Fabio Marchese Ragona

Roma Benedetto XVI non è ancora morto, deve dire cosa pensa». Alla vigilia dell'uscita in Francia del libro scritto a quattro mani dal Papa Emerito e dal porporato africano Robert Sarah sul celibato sacerdotale, parla a Il Giornale il cardinale Gerhard Ludwig Müller, prefetto emerito della Congregazione per la Dottrina della Fede che ribadisce: «C'è un solo Papa, ed è Francesco».

Eminenza, Benedetto XVI scrive: «Non posso tacere, il celibato sacerdotale è indispensabile». Ratzinger ha fatto bene a dire la sua?

«È stato celebrato un Sinodo sull'Amazzonia, sulla missione della Chiesa in quella parte del mondo ed è stato affrontato anche il tema del celibato dei sacerdoti, che però non è direttamente il tema principale dell'assise. Ritengo una buona cosa che il Papa emerito abbia sollevato la sua voce dando alcune sue spiegazioni su questo grande tema della Chiesa, in quanto grande teologo, in quanto prefetto emerito della Congregazione per la Dottrina della Fede e soprattutto perché Papa emerito».

Ratzinger nel libro si definisce vescovo «in filiale obbedienza a Papa Francesco». Qualcuno però tende a contrapporre i due papi per via di questa ennesima presa di posizione di Benedetto XVI...

«Questo è un gioco anti-ecclesiastico ed è assolutamente chiaro che tutti i cardinali, tutti i vescovi, tutti i cattolici sono al fianco di Papa Francesco e non è neanche necessario ribadire questa cosa o sottolinearla perché è assolutamente naturale che noi tutti obbediamo a Papa Francesco come supremo Pontefice e pastore della Chiesa. D'altra parte ognuno di noi ha il dovere non solo di obbedire al Papa ma anche di obbedire a Cristo, tutti siamo vescovi e per questo abbiamo una responsabilità, di sostenere il Papa nella sua missione ma anche di compiere la nostra missione, come vescovi o cardinali della Chiesa».

E pensa che sia questo il motivo per cui Benedetto XVI ha rotto il silenzio?

«Il suo non è stato un silenzio assoluto, non ha mai voluto intromettersi in ogni momento nel governo attuale della Chiesa, ma questo non vuol dire che il Papa emerito debba stare zitto. Benedetto XVI non è ancora morto, è vivo, vive in questo mondo e noi sappiamo che la missione del vescovo rimane fino alla sua morte.

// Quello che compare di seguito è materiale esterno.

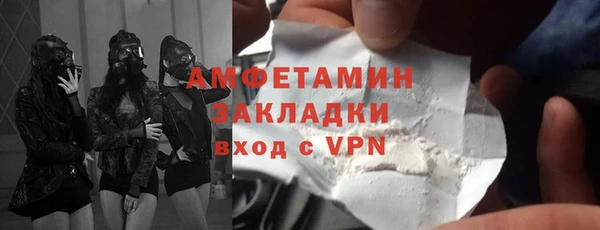 стаф Каменка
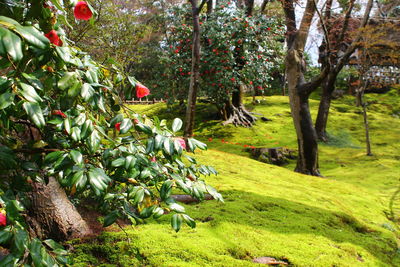 Trees in park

E questo riguarda ovviamente anche i vescovi emeriti e il Papa emerito: tutti partecipano alla missione della chiesa e tutti hanno una responsabilità per il bene della Chiesa e verso Gesù Cristo».

Sul volo di ritorno da Panama, Papa Francesco è stato chiaro, ha citato Paolo VI: «Preferisco dare la vita prima di cambiare la legge sul celibato». Pensa che ci siano comunque dei rischi a seguito del Sinodo?

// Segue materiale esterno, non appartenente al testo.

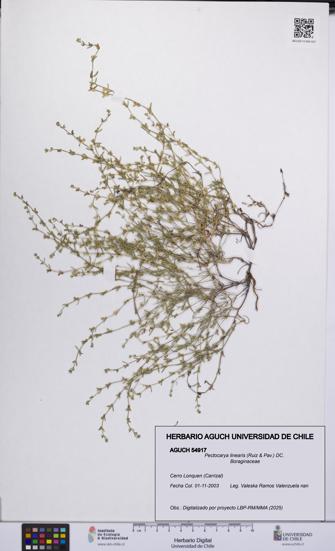 Pectocarya linearis [Espécimen: UCH:AGUCH:0054917]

«Noi abbiamo il sacerdozio sacramentale, non come i protestanti che vedono questo ministero soltanto come una funzione, seppur importante. Il sacerdote è un rappresentante di Gesù e tutta la sua vita ha a che vedere con la sua missione, con il suo potere spirituale. Ne ha parlato Paolo VI ma anche il Concilio Vaticano II. Non è quindi un tema che il Papa o il Sinodo può cambiare secondo il parere o il piacere del mondo di oggi, che non può capire questo grande carisma che viene da Dio».

Cosa succederà quindi alla fine secondo lei?

«Non so cosa sarà scritto nell'esortazione post-sinodale di Papa Francesco. Abbiamo alcuni sacerdoti sposati che vengono dal protestantesimo e anche dalla chiesa greco-cattolica ma altra cosa è introdurre o non introdurre preti sposati nella chiesa cattolica di rito latino.

Io penso che non sia possibile alcuna eccezione, perché ci troviamo a fare i conti con una mentalità del mondo secolarizzato che non apprezzando il celibato in questa forma di vita evangelica, lo interpreterebbe come l'abolizione del celibato stesso. Questo significherebbe la distruzione completa della nostra immagine del sacerdote come buon pastore che dà la vita per le sue pecore».